------ DATA EXTRACTS ------

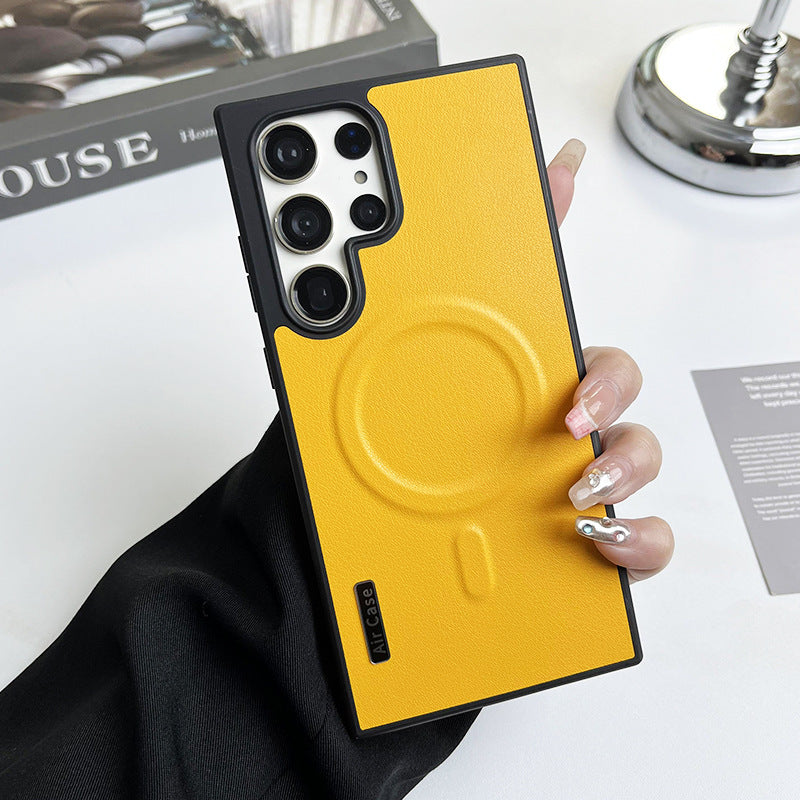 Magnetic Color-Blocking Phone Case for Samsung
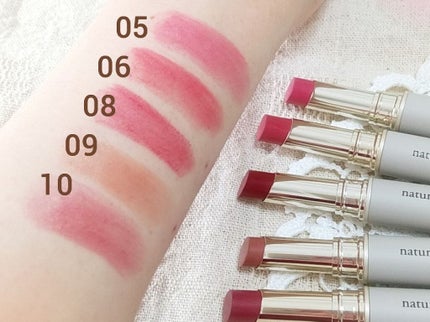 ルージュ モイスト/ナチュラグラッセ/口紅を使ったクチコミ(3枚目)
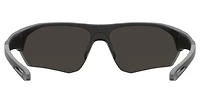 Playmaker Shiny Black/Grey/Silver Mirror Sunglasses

------
------ DATA EXTRACTS ------

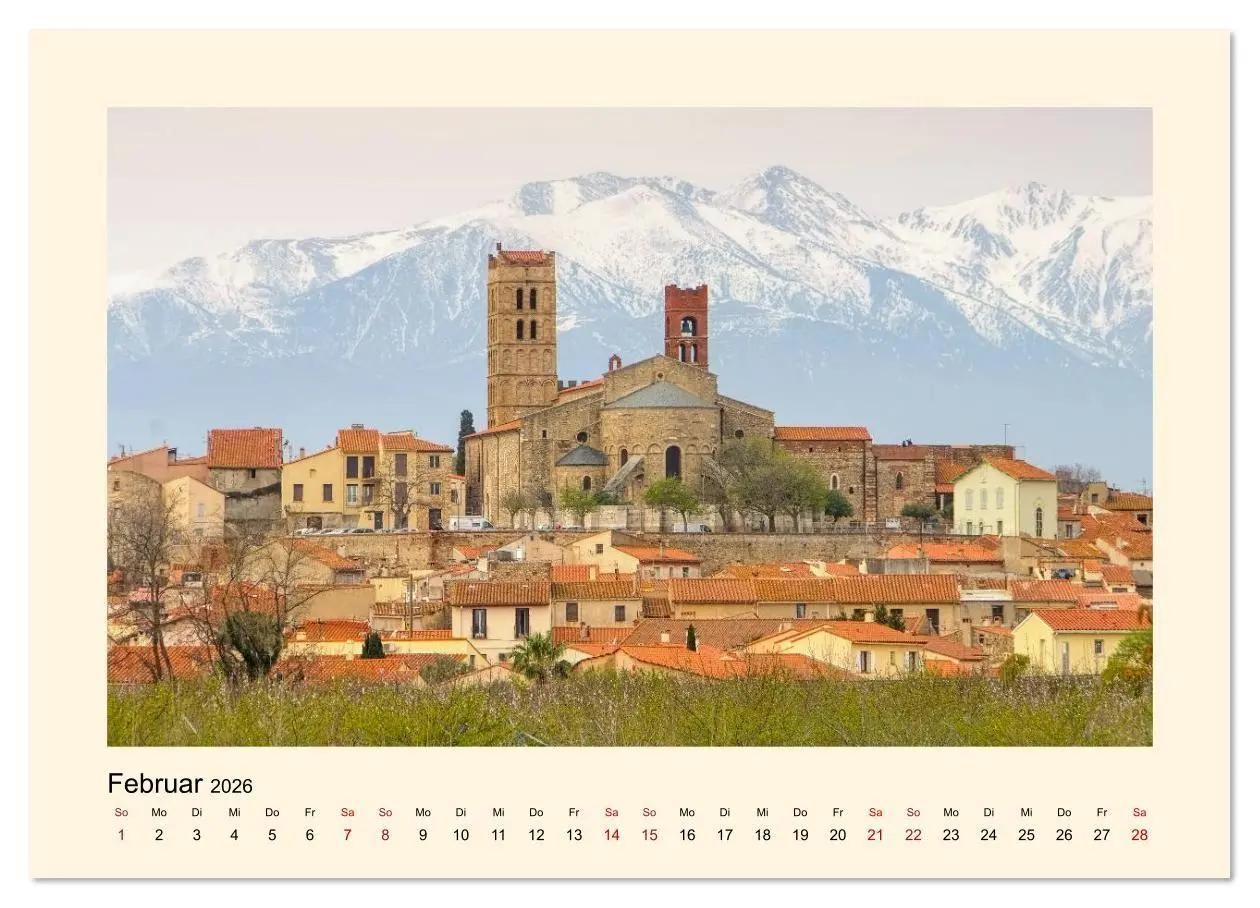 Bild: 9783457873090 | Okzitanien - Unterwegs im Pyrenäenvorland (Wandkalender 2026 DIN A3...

------

— DESCRIPTION OF THE TASK —
Within the listing above, find the line containing "Magnetic Color-Blocking Phone" and the line containing "Playmaker Shiny Black/Grey/Silver". Transcribe them and everything between them exactly, leaving out the pictures.

— SOLUTION —
 Magnetic Color-Blocking Phone Case for Samsung
 ルージュ モイスト/ナチュラグラッセ/口紅を使ったクチコミ(3枚目)
 Playmaker Shiny Black/Grey/Silver Mirror Sunglasses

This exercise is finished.